Filomena pegou o copo e segurou-o por algum tempo, mas não bebeu imediatamente. Lágrimas vieram-lhe aos olhos.

– Você se lembra das canções que costumávamos cantar, sentados lá fora sulla terrazza no verão? — Começou a cantar suavemente com o resto de sua voz estragada alguns compassos do Amor, amor, non dormir più, de Stradella. — E você tocando o violino. Parece que foi há tão pouco tempo, no entanto está tão longe, longe, longe. Addio, amore. A rivederci.

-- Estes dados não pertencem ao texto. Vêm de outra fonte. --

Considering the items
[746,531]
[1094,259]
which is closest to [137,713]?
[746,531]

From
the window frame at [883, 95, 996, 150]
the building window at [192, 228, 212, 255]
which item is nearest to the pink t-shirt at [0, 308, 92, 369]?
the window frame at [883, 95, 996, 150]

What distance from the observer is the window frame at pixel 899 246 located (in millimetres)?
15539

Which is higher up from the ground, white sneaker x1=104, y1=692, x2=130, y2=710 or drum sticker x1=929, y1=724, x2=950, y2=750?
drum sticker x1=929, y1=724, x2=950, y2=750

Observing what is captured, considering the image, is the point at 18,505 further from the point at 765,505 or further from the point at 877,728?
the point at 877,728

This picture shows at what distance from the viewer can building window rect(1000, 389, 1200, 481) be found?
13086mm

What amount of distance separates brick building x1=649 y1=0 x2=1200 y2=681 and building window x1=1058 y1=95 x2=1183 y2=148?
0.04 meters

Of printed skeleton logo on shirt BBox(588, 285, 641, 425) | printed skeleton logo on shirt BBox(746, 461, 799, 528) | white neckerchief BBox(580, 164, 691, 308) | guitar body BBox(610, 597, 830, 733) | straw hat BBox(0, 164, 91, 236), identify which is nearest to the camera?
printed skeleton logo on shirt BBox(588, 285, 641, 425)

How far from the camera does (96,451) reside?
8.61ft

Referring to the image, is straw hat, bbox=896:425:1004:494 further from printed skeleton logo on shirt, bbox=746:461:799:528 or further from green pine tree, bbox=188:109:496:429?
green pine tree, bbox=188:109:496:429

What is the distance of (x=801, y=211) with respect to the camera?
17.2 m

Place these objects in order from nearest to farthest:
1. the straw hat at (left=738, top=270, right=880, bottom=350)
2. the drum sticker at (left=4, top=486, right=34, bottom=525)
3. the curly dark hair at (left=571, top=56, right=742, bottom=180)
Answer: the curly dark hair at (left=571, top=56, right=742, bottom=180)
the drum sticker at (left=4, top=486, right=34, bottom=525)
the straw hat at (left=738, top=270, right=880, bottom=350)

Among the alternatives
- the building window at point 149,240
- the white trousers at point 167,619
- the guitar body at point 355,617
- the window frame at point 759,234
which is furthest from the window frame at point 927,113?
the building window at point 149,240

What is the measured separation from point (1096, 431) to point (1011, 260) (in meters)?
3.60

Bebeu a poção e, deitando-se sobre o travesseiro, fechou os olhos. Sir Hercules beijou-lhe a mão e saiu pé ante pé, como se tivesse medo de despertá- la. Voltou para seu gabinete e, tendo registrado as últimas palavras da esposa para ele, derramou na banheira a água que lhe fora trazida de acordo com suas ordens. Como a água estava demasiado quente para que ele entrasse imediatamente, tirou da estante seu exemplar de Suetônio. Queria ler como Sêneca tinha morrido. Abriu o livro ao acaso. “Mas os anões”, leu, “eram odiados por ele por serem lusus naturae e um presságio ruim.” Encolheu-se como se tivesse sido golpeado. Esse mesmo Augusto, ele se lembrava, tinha exibido no anfiteatro um rapaz chamado Lúcio, de boa família, que não chegava a sessenta centímetros de altura e pesava sete quilos e meio, porém possuía voz estentórea. Virou a página. Tibério, Calígula, Cláudio, Nero: era uma história de horror crescente. “Sêneca, seu preceptor, obrigou-o a suicidar-se.” E havia Petrônio, que em seus últimos momentos chamou os amigos, pedindo-lhes que lhe falassem, não dos consolos da filosofia, mas de amor e galanteria, enquanto a vida lhe fugia através das veias abertas. Mergulhando mais uma vez a pena na tinta ele escreveu na última página no diário: “Teve uma morte romana”. Então, colocando os dedos de um pé na água e constatando que ela já não estava quente demais, tirou o roupão e, pegando uma lâmina, sentou-se na banheira. Com um talho profundo cortou a artéria do pulso esquerdo, depois recostou-se e aquietou a mente para meditar. O sangue escorreu, flutuando na água em círculos e espirais que se dissolviam. Em pouco tempo a água estava tinta de cor-de-rosa. A cor escureceu; Sir Hercules encontrou-se dominado por uma tonteira invencível; afundava de sonho vago a sonho vago. Logo estava profundamente adormecido. Não havia muito sangue em seu corpo pequeno.